== ACTIVITY ==
Reproduce every record below exactly as written, leaving out any pictures.

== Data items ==
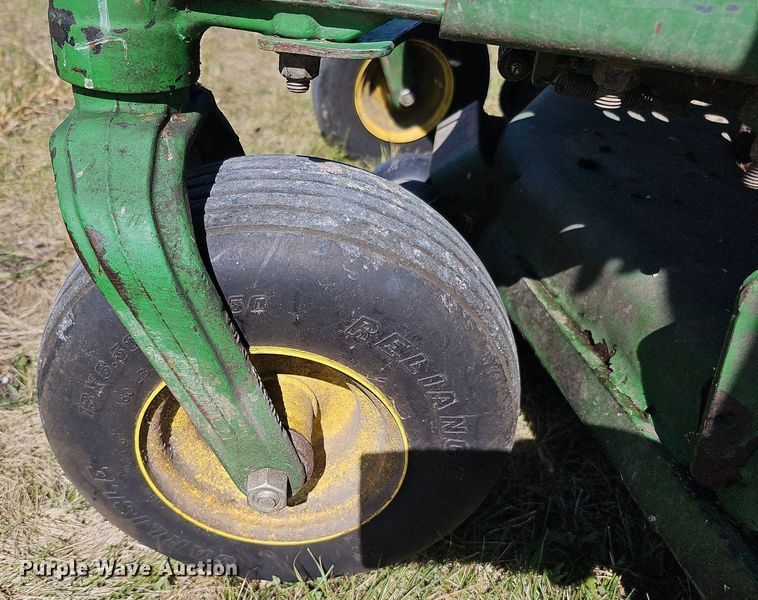 image for item MH9359 2009 John Deere Z925  ZTR lawn mower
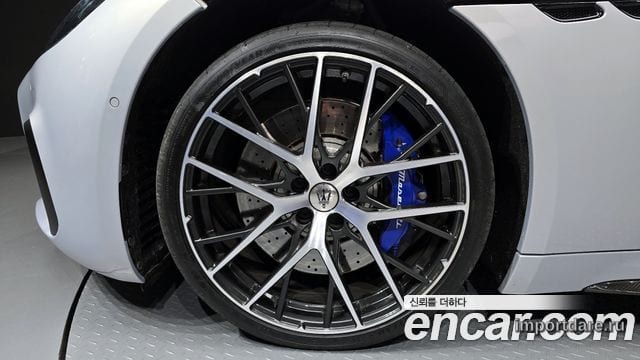 Maserati Grancabrio детали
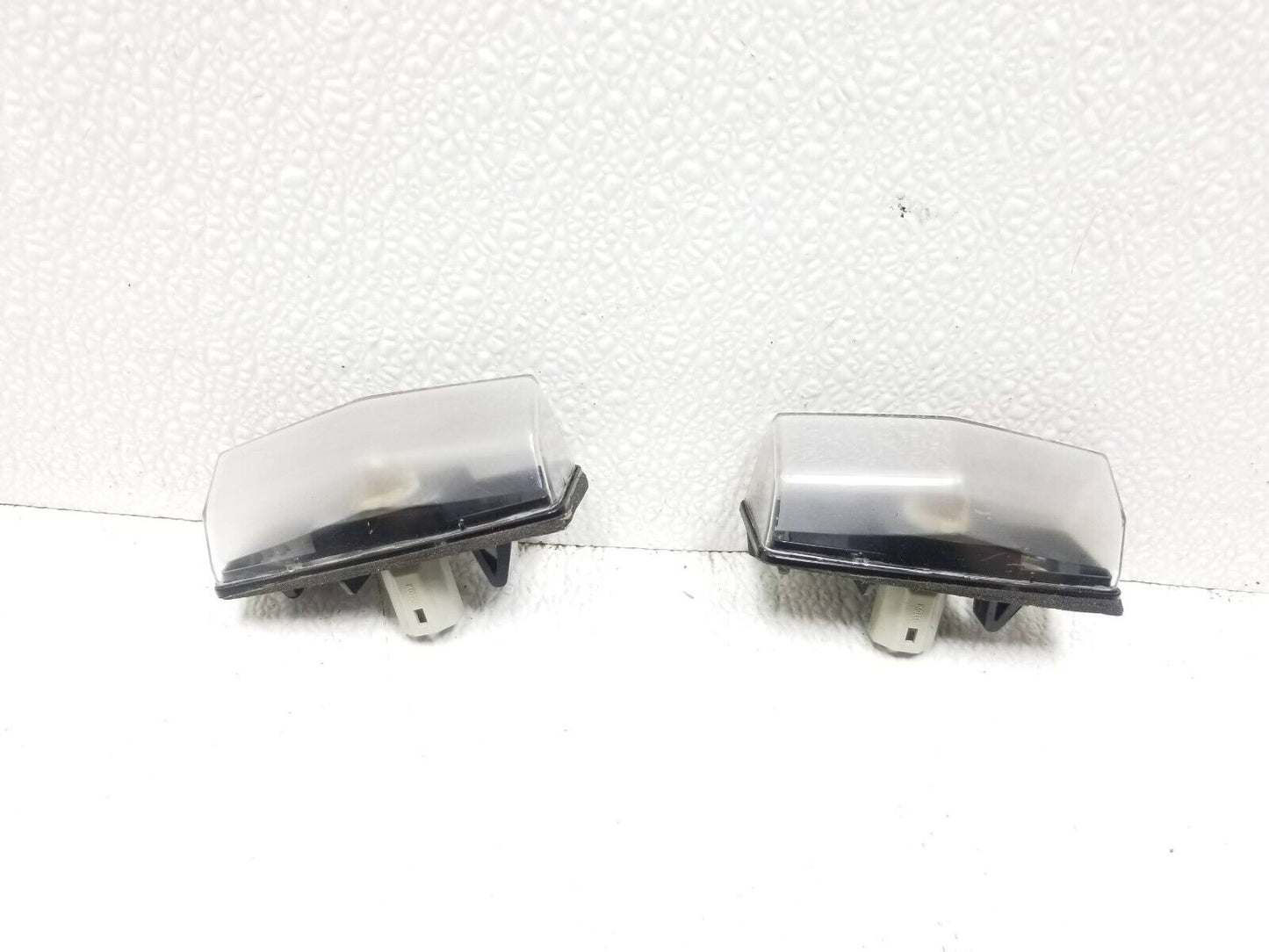 11 12 13 14 15 Toyota Prius Rear License Plate Light Lamp OEM
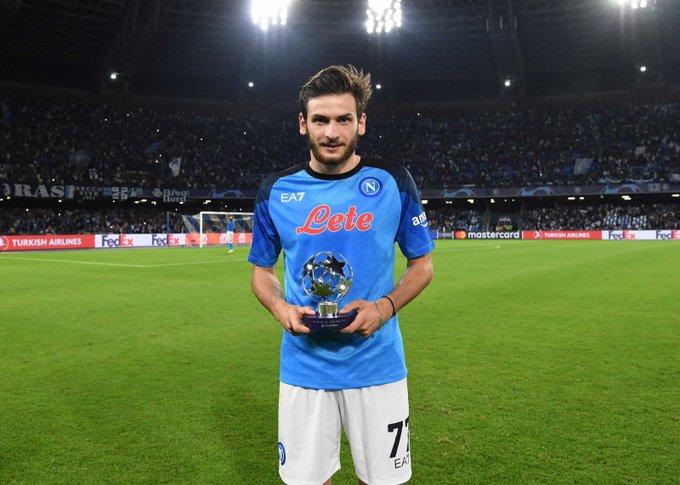 Kvaratskhelia con il premio Man of The Match della Champions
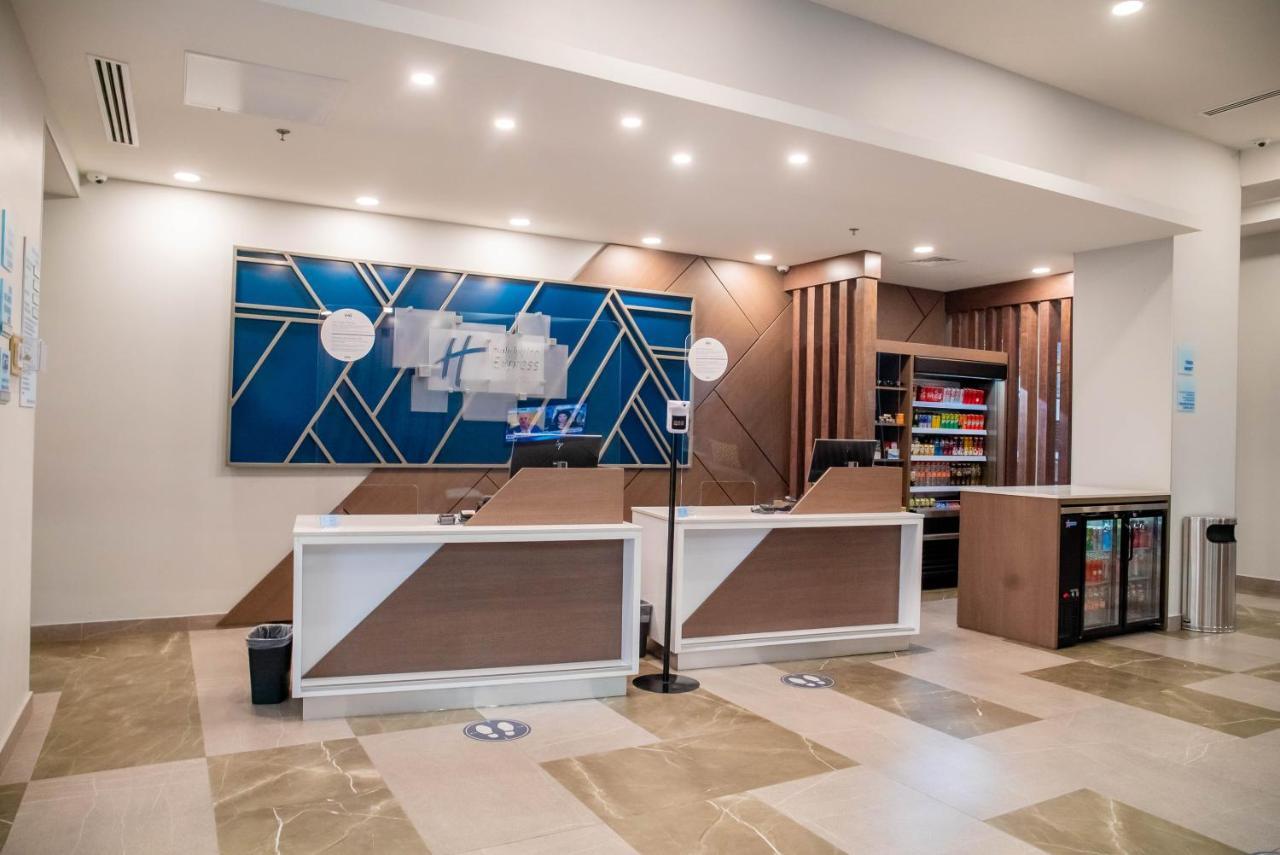 Holiday Inn Express & Suites - Tijuana Otay By Ihg Bagian luar foto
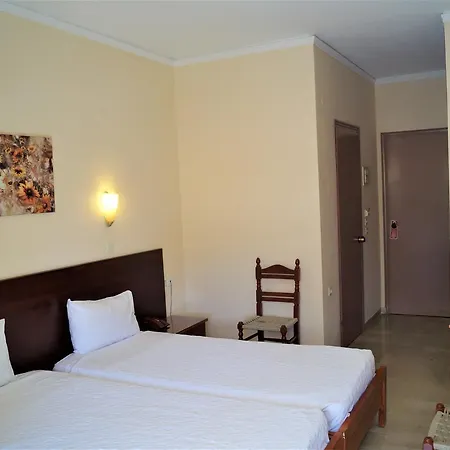 Brati - Arcoudi Hotel 2*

== ANSWER FOR THIS EXERCISE ==
 image for item MH9359 2009 John Deere Z925  ZTR lawn mower
 Maserati Grancabrio детали
 11 12 13 14 15 Toyota Prius Rear License Plate Light Lamp OEM
 Kvaratskhelia con il premio Man of The Match della Champions
 Holiday Inn Express & Suites - Tijuana Otay By Ihg Bagian luar foto
 Brati - Arcoudi Hotel 2*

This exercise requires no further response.